4. Jason Léopold et Jeffrey Kaye, "Traiter les détenus comme des cobayes», publié le 14 octobre 20010 sur Consortiumnews.com.
5. John W. Dower, Cultures de guerre : Pearl Harbor/Hiroshima/9-11/Irak (WW Norton, 2010), p. 446.
6. Le terme est celui de Seymour Melman. Voir son Le capitalisme du Pentagone: l'économie politique de la guerre (Société de livres McGraw-Hill, 1970).

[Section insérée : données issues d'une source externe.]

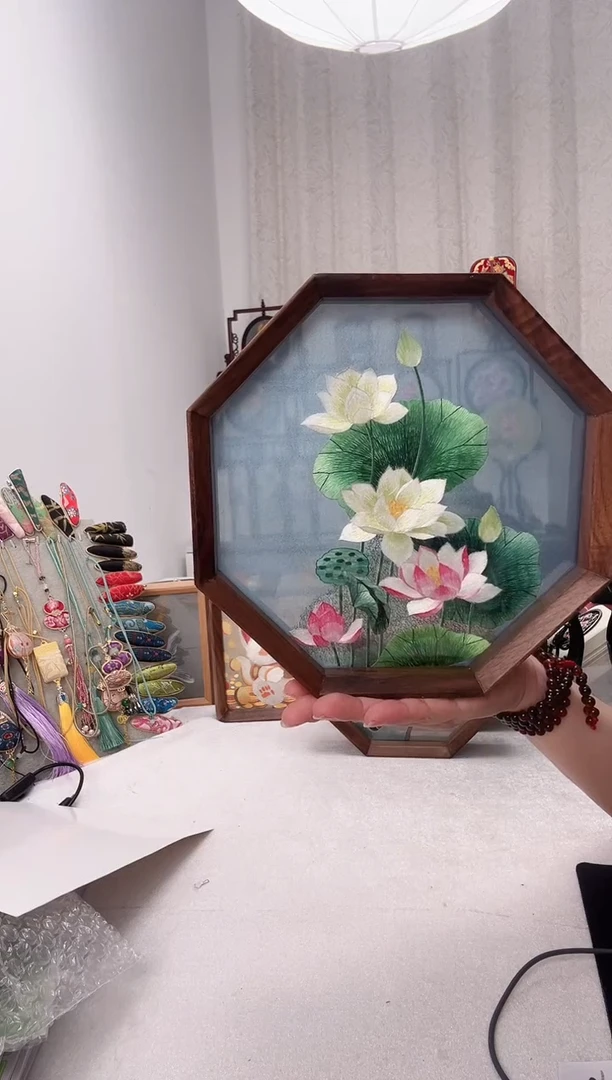 扇子大*吹绣作品手工摆台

7. Pour un exemple de campagne nationale visant à élever le niveau de compréhension du public américain à l'égard de la criminalité israélienne, voir Edward Mast, « 'Israel right or tort' crowd plaides censorship in Seattle », Seattle Times, Dé. 31, 2010.
8. Sur la partialité des médias, voir Edward S. Herman et Noam Chomsky, Consentement manufacturier: l'économie politique des médias (Pantheon Books, 1988) et leur étude antérieure, Noam Chomsky et Edward S. Herman, La connexion de Washington et le fascisme du Tiers-Monde (Presse South End 1979); Howard Friel et Richard Falk, Les archives du journal : comment le New York Times déforme la politique étrangère américaine (Verso 2004).
9. Sur le bilan humain des sanctions, voir Joy Gordon, Guerre invisible : les États-Unis et les sanctions contre l’Irak (Presse universitaire de Harvard, 2010). Pour la citation et un résumé, voir Anthony Gregory, « Comprendre les sanctions contre l'Irak», publié le 19 janvier 2010.
10. Edward S. Herman et David Peterson, La politique du génocide (Revue mensuelle de presse, 2010).
Herbert Bix est l'auteur de Hirohito et la création du Japon moderne. Cet article est tiré d'un discours prononcé lors de la conférence de l'American Historical Association à Boston le 9 janvier 2011.